Онората, графиня Альма, вышла, покачиваясь. Едва она удалилась, как папа надменно вытянулся.
– Черт возьми! – пробормотал он. – Вот это поворот! О таком визите я не мог и подумать…
Старик хихикнул высоким голосом. Потом он отдернул портьеру и вошел в соседнюю комнату. Там, в полутьме, сидел какой-то мужчина. Это был Чезаре Борджиа. Собственной персоной. Папа вызвал его, как только получил золотое распятие от графини Альма.
– Ну, слышал? – спросил старый Борджиа.
– Всё!.. Клянусь адом, я сравняю Монтефорте с землей.
– Если только воительница Беатриче…
– Примавера! – перебил его побледневший Чезаре.
– Ты слышал, какие добрые чувства она приберегла для тебя!
– Я заставлю ее переменить их! – мрачно ответил Чезаре.
– Ну, а пока, после сегодняшней неудачи, у нас появился еще один враг… Эта графиня Альма, на которую я в глубине души немного рассчитывал, чтобы сгладить трудности и подготовить твою свадьбу, теперь далека от союза с нами.

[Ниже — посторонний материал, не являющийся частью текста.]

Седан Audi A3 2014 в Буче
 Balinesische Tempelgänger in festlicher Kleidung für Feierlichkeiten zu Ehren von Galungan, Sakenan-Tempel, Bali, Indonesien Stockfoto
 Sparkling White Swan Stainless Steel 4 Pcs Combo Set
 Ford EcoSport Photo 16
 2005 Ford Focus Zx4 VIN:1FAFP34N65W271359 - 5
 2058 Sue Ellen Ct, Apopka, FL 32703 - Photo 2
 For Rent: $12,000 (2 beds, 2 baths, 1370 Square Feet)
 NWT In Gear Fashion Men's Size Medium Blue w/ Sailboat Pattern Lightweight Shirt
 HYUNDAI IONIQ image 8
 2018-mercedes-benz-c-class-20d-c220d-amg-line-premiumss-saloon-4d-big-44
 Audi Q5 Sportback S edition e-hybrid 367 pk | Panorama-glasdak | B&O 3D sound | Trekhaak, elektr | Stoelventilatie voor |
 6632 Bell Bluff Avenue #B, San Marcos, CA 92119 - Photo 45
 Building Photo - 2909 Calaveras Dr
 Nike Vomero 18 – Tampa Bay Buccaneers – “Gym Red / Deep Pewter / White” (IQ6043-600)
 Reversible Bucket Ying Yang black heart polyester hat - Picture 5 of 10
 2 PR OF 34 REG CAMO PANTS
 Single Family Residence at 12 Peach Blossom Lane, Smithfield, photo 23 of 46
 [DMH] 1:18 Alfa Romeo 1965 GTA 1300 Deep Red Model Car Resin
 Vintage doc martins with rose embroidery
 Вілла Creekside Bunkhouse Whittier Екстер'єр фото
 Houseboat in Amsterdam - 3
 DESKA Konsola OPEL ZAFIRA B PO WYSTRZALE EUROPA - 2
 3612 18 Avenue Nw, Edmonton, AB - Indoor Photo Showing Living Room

Наоборот, она развернулась против нас.
– Если она доберется до Монтефорте… Что же до ее дочки, графиня вообще может ее не увидеть.
– О чем ты говоришь?
– Беатриче видели в окрестностях Рима.
– В окрестностях Рима? – вздрогнул папа. – О! Эти Сфорца – смелые противники… Пойдем, Чезаре, сын мой… Мне надо помолиться. Я попрошу Небо, чтобы мать и дочь больше никогда не встретились!..
– Я займусь этим! – пробурчал Чезаре.
Он хотел уйти, но папа удержал его движением руки.
– Кстати, – сказал он, – графиня забыла здесь драгоценность… Вот это золотое распятие. Мне кажется, ты можешь догнать ее и отдать ей эту святыню, которой, если не ошибаюсь, она очень дорожит…
Чезаре внимательно посмотрел на отца.
– Впрочем, – продолжал папа, – может быть, это и не ее распятие. Но оно в точности похоже на распятие графини. Есть только одно небольшое различие. Посмотри, Чезаре, повнимательней… На распятии графини у Христа не было тернового венца, тогда как на этом голова Спасителя увенчана терниями… Видишь?.. И есть одна заостренная колючка… Она может очень больно уколоть.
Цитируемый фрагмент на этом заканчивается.